Yolean/kubernetes-kafka

Kafka svc must be bypassed when topics are not replicated to all instances

solsson opened this issue · 3 comments

We need to investigate how to use the kafka k8s service when topics have fewer replicas than there are kafka instances.

Background: we've noticed some oddities using the no-kafka client lib, connecting to kafka:9092, if a kafka instance is lost and the topic isn't replicated to all instances. The client sometimes seems to react as if the topic does not exist.

In 0.10.1 the official java client seems to deprecate other means of connection than bootstrap.servers. This implies awareness of the FQDN or IP of each broker. A kubernetes service, on the other hand, is basically a round-robin proxy.

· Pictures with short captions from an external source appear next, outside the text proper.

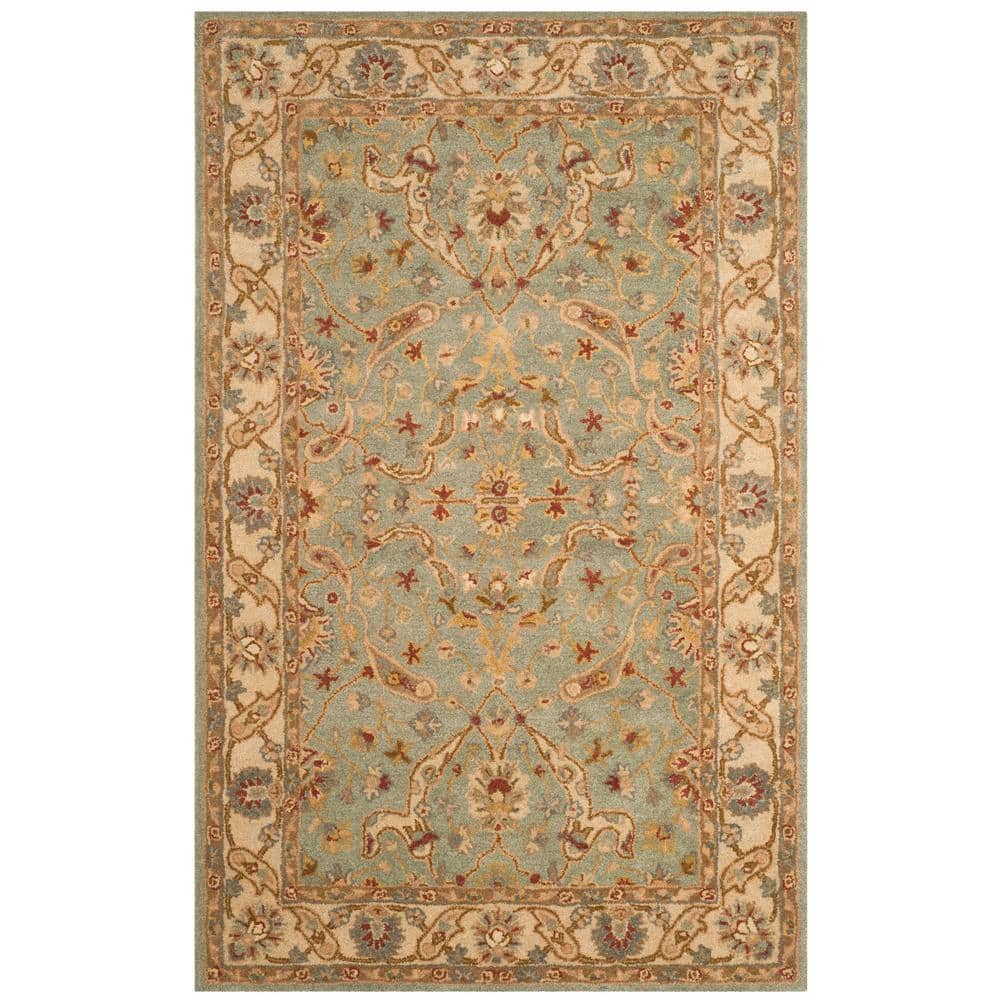 Antiquity Teal and Beige Hand-Tufted Wool Round Rug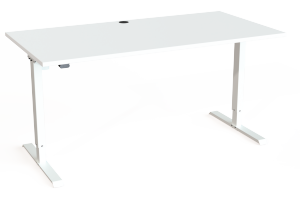 preiswerter Sitz-Stehschreibtisch 160 x 80 cm Stahlgestell weiß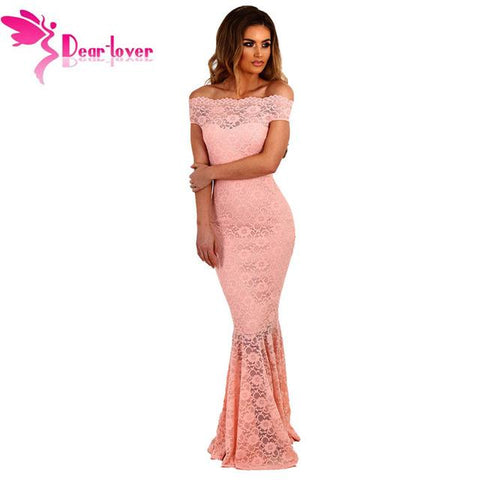 Dear-Lover Lace Dresses Party Gowns Off Shoulder Ladies Robe de Soiree Navy Fishtail Maxi Dress Vestidos longo de festa LC61481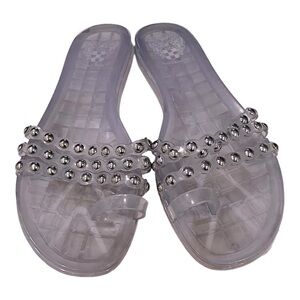 Vince Camuto Elishenta Silver Studded Straps Toe Ring Jelly Sandal Size 8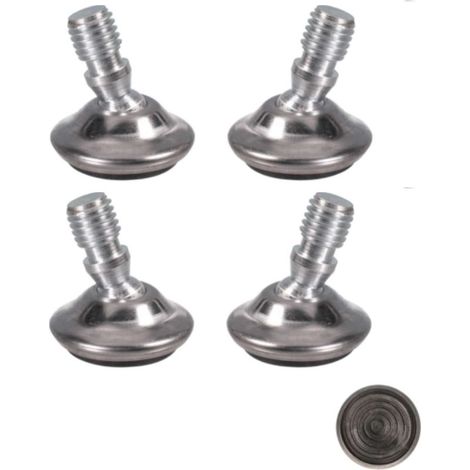 Verstellbare Stahl-Möbelfüße mit Gelenkgleitern – 4er-Set – Kugelgelenk – M8-Gewinde – 25 mm Fußdurchmesser (1/2)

https://cwiki.apache.org/confluence/display/KAFKA/A+Guide+To+The+Kafka+Protocol says: "In other words, the client needs to somehow find one broker and that broker will tell the client about all the other brokers that exist and what partitions they host. This first broker may itself go down so the best practice for a client implementation is to take a list of two or three urls to bootstrap from. The user can then choose to use a load balancer or just statically configure two or three of their kafka hosts in the clients."

In other words, no-kafka probably performs the correct operations, but expects us to connect using a string kafka-0:9092,kafka-1:9092,.... Hence, the standard kubernetes service fails

We can get the actual name that each broker thinks it has, from the logs. See https://github.com/Yolean/kubernetes-kafka/blob/v1.0.0/README.md#start-kafka.

In minikube I get entries like kafka-0.broker.kafka.svc.cluster.local,9092,ListenerName(PLAINTEXT) so I think our bootstrap should be kafka-0.broker.kafka.svc.cluster.local:9092,kafka-1.broker.kafka.svc.cluster.local:9092,kafka-2.broker.kafka.svc.cluster.local:9092. It will likely be sufficient if we scale up too.

The shell scripts in the kafka image (0.10.2.0) give a quite confusing picture:

  • ./bin/kafka-topics.sh says --zookeeper is REQUIRED
  • ./bin/kafka-console-consumer.sh says --bootstrap-server AND --zookeeper is REQUIRED
  • ./bin/kafka-console-producer.sh has neither of the above, but says --broker-list is REQUIRED

And when trying to produce messages I get errors like org.apache.kafka.common.errors.NotLeaderForPartitionException: This server is not the leader for that topic-partition.